If Narcissus had gazed into the eye of a narcissus
He would have found beauty staring back at him,
Rather than the shallow reflection of his face in a pond,
A reflection, that had a wind arisen, would have blurred, then erased.

Up

Friday, April 26th, 2013

Look up! The sky has
blossomed with winged ones, soaring.
Watch, learn, and follow.

My Uncle at 85

Tuesday, February 5th, 2013

You stand at the corner of Wayne and Brooklyn
outside the family tavern, still straight and tall at 6’4″.

You are my last uncle–not my favorite from childhood–
but my best-loved beyond those small parameters.

In your tan jacket and tan snap-brim hat
your hands thrust into pockets of maturity,

A familiar sway to ease your back,
you gaze past trim houses and spring lawns.

Blue eyes clear enough to swim in,
harbor no revenge for old torments–

A red hand-print on your face,
the moonshine rage of your father,

Your downy hair on end from being lifted by it
and shaken like a rat by a dog,

The bruised arms and welted back,
the fist, the strap, slaps, and punches–

Making you think it was your fault
your father’s life was all wrong.

None of it shows in your posture–
you didn’t let him or anybody suck you down.

None of it shows in your life except maybe
the nights on bar stools over the years,

And the slight stammer, sometimes–
needle in the groove, needle in the groove.

You left it behind, your hair shorn,
donning Army fatigues, dodging bullets,

Slogging across Europe like so many others,
driving Hitler to his death.

You outran it driving moonshine around
Tennessee mountains jutting into smoky skies,

Your county, dry and Baptist,
planting another seed for NASCAR.

You said No to cheap Southern acreage
and Yes to the factory-promise up north,

Coming with us to a flat land
where a drawl was foreign–and laughable.

From 7 a.m. to 4 p.m. you ran your machine,
that spat out auto parts, one after another after another.

Summer weekends, you brushed new color
on faded homes in splotched white coveralls and a painter’s hat.

You supported the parish church, your wife’s,
the fish fries, the Monte Carlo nights,

The parochial school where your two boys
learned catechism and served as altar boys.
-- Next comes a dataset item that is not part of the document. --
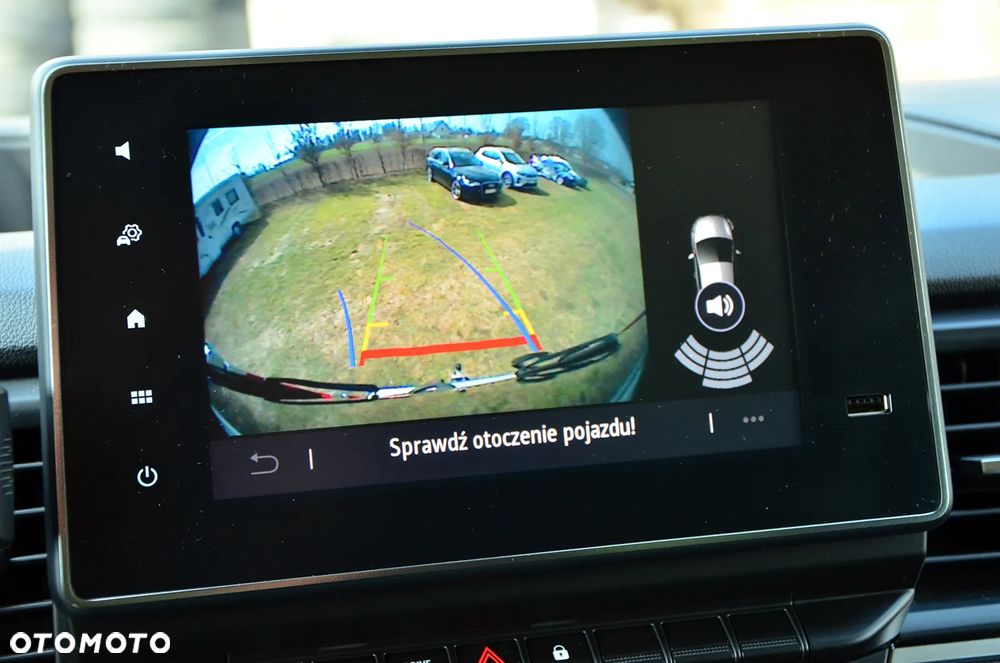 Renault Trafic 2.0 dCi EDC - 22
Each Sunday you came to our house in the suburbs,
decorated with small trees and swing sets,

The four of you, to a fried chicken dinner
as good or better than the Colonel’s came to be,

A mound of peppered mashed potatoes
with a pool of butter in the middle

Green beans and ham, hot cornbread,
sliced red and yellow tomatoes, fried okra,

Seconds insisted upon, a big slice
of a fluted fruit pie, cherry, peach, or apple,

Your solemn face split wide open by a smile
eclipsing the past, inviting the future

Owl at Noon by Rita Coleman

Wednesday, December 5th, 2012

Barred wings of brown and white,
flap and hold, full and long,
past spring-leafed sycamores
leaning over a tumble of water.

A white moon rides high and round,
in a cornflower sky,
mid-circuit toward the horizon,
afternoon holding it up.

The glimpse from my moving car
confirms Asio flammeus,
flaming owl, in diurnal flight
soaring south in woodlands.

Telescopic, microscopic sight,
binocular hearing
guide it to a field mice explosion,
or the great blue heron’s silence.

Freedom of air, inner fire,
owl at noon circles west
flowing into a shadow
chasing subtle sight and sound.

If Trees Could Do Yoga

Tuesday, November 27th, 2012

If trees could do yoga would they want to align their trunks
With all the unique bends, twists, and burls?

If they could, would magnolias and pines sink their roots
Down past bedrock, magma, the core and beyond?

Would they seek even more balance in their stance,
raise their arms even higher to kiss the sun?

Would hemlocks and oaks breathe more deeply,
Adding more loveliness and fresh air, ripe and pungent?

Would their outer sheaths, beyond the bark, glow and shimmer?
Would we notice the difference, the effort?

If trees could practice yoga, I think they would.
Upward Sun Salute, brushing the sky with their branches.

Mountain Pose, digging in, growing naturally.
Tree Pose, balancing on one side, then the other,

At night when no one could see,
For groundedness, for beauty–and, yes, we would notice.